__Task statement__:
Down to the last line, print the data that follows exactly, without its pictures.

*** Supplied data Section Begins ***

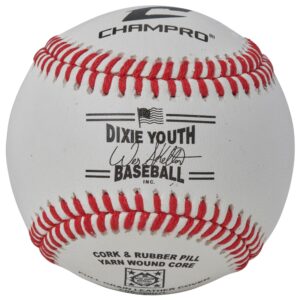 Dixie League Approved Baseball - Full Grain Leather Cover - Category 1
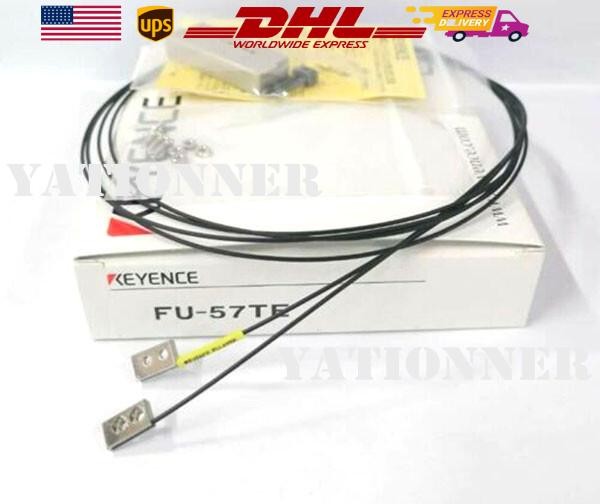 KEYENCE FU-57TE Fiber Optic Sensor New #-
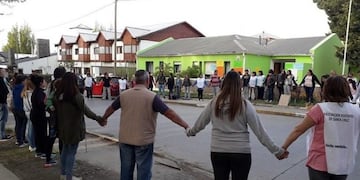 Protestas por la escuela especial N°5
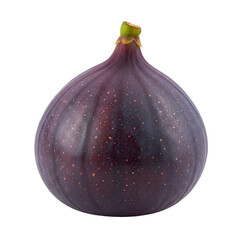 Isolated Photo of Ripe Fig on Black Background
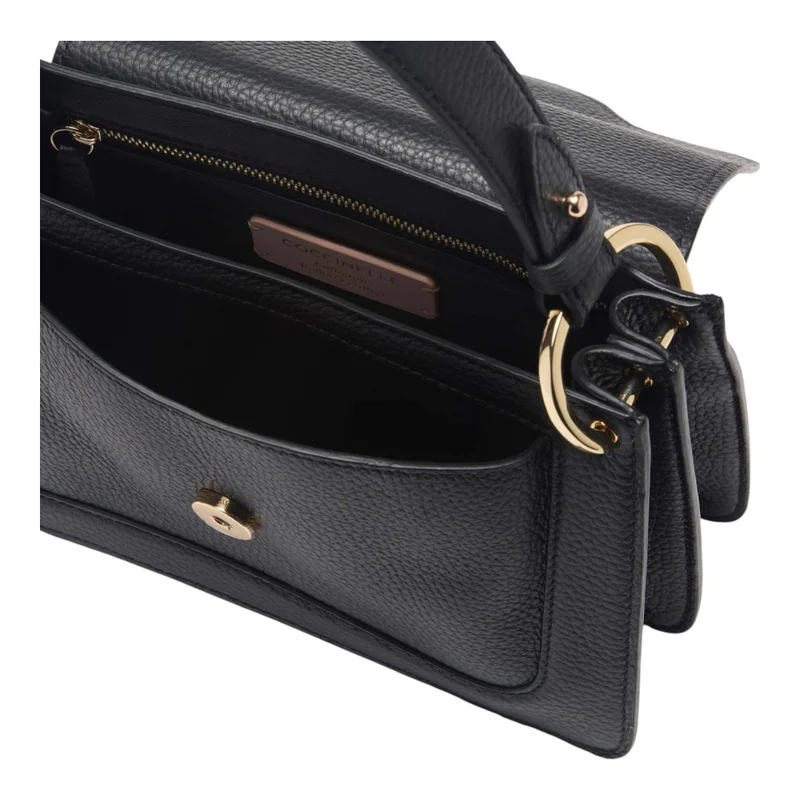 COCCINELLE Black C-Me Top Handle Bag Small for Women | Best Price UAE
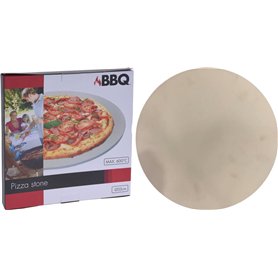 MaxxGarden Pierre à Pizza pour la Cuisson - Plaque Ronde en Pierre à Pizza pour Le Four du Gril du Barbecue - Cuire Servir Pizza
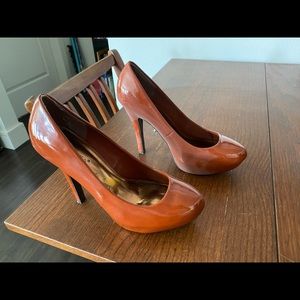Patent leather heels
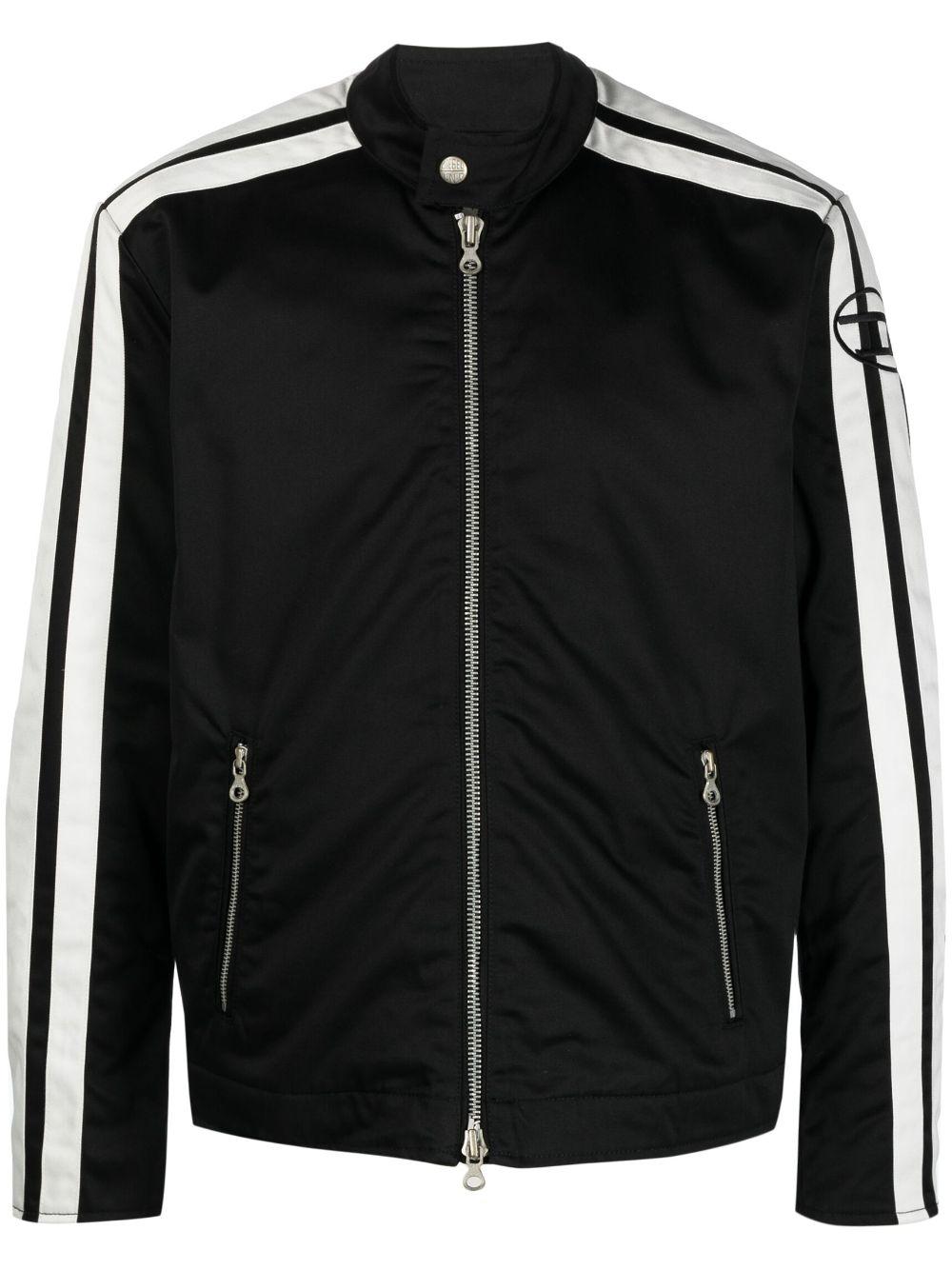 入荷なう J-beck DIESEL Embroidered-logo Men for Black in Jacket Biker ジャケット・アウター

*** Supplied data Section Ends ***

__Output for this exercise__:
 Dixie League Approved Baseball - Full Grain Leather Cover - Category 1
 KEYENCE FU-57TE Fiber Optic Sensor New #-
 Protestas por la escuela especial N°5
 Isolated Photo of Ripe Fig on Black Background
 COCCINELLE Black C-Me Top Handle Bag Small for Women | Best Price UAE
 MaxxGarden Pierre à Pizza pour la Cuisson - Plaque Ronde en Pierre à Pizza pour Le Four du Gril du Barbecue - Cuire Servir Pizza
Patent leather heels
 入荷なう J-beck DIESEL Embroidered-logo Men for Black in Jacket Biker ジャケット・アウター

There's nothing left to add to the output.